And then? Clone HDD? As said 10 times before, I WANT A FRESH INSTALL. I can restore my old HDD as well without a drive enclosure, because I made a system restore image and I can restore that using the recovery drive. However, I want a fresh install. Apparently that is really though.

Asus help was that I should let Asus support do this, they don't offer full install DVD's. The only support centre is in Auckland, I am in Wellington. Great.


We do read them, and that was why the suggestion of cloning the drive to achieve a 'clean install' keeps coming up. However you appear to be taking it we are giving it as the only solution to the end result of a CURRENT used 1:1 stamp, when it is not. The reason it keeps being suggested is the fact the recovery partition is there for exactly that. To recover/reinstall the OOBE (out of box experience if you are unfamiliar) windows wim, with drivers readily available. As if you had picked it up from the shop and opened the box again.

Ergo, in a normal case, you would clone the drive (leaving out any un-necessary larger files etc for it to fit on the destination SSD) keeping the partition layout intact, then activate the recovery from the SSD, to blow the install away, and put the OEM version on it again via the hidden/recovery partitions 

No circumventing the windows licencing requirements, activation bypass or finding the right CD/keys/extraction tools to do so. Done in about 20mins

Hard drive layout intact - recovery partition is used to blow away the OS/c:\ partition and re-expand the OOBE wim. HDD dead or partitions not working = requires the full DVD set you are meant to create the second you complete the OOBE setup and enter windows for the first time.

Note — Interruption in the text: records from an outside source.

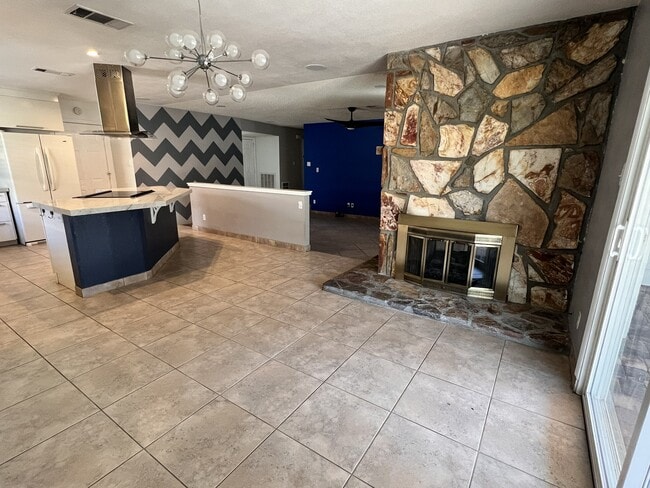 Building Photo - 7505 Pinedale Ave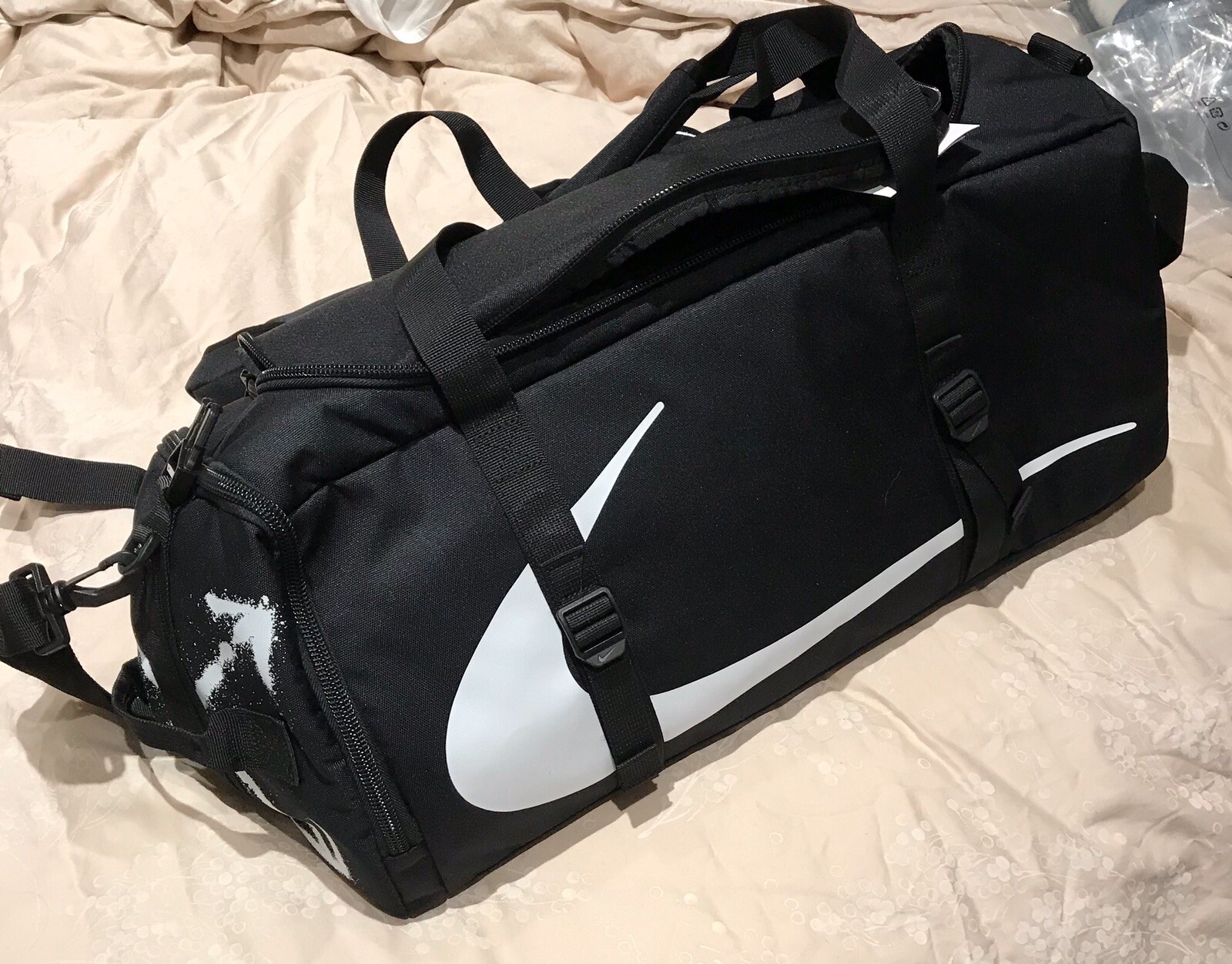 nike departure iii duffle bag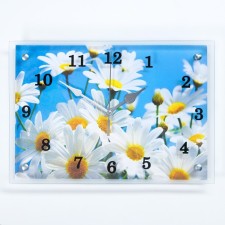 Carty clock is wall, interior 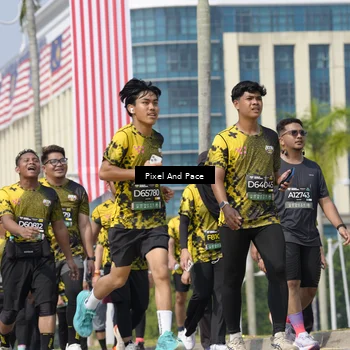 Runner Photo 6542323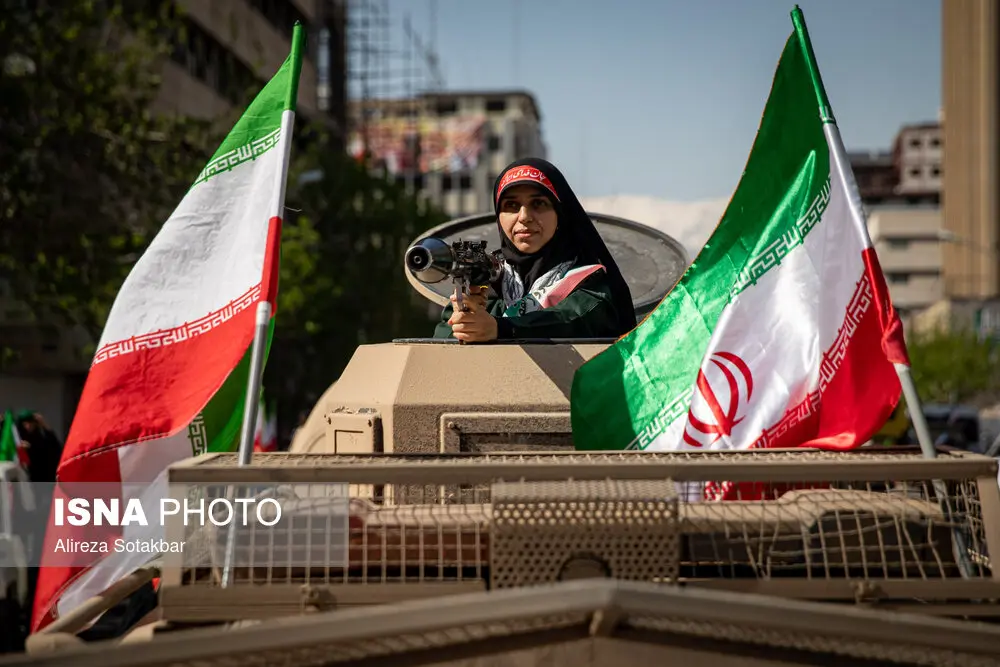 تصاویری از حضور زنان با سلاح در رزمایش «دختران جان‌فدای ایران»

Same thing goes with the engineers, if the HDD dies and goes in for replacement, they stamp the same partition layout onto a new drive - no matter if the same size or upgraded from lack of replacement. And the OOBE completes when you turn it on again.

Much like the instructions here http://support.asus.com/Troubleshooting/detail.aspx?SLanguage=en&m=U56E&p=3&s=343&os=&hashedid=6KBv9FLOCOczEXLJ&no=1775



 
 
 
 


1916 posts

Uber Geek
+1 received by user: 110


  Reply # 1065647 14-Jun-2014 17:33

I had the same issue today with my new samsung SSD. To fix:

1, Get a SATA to USB converter (powered) - about $30 from PBTECH.
2, Plug this from your new SATA to the laptops USB.
3, Download the data migration software from intel or samsung then run it.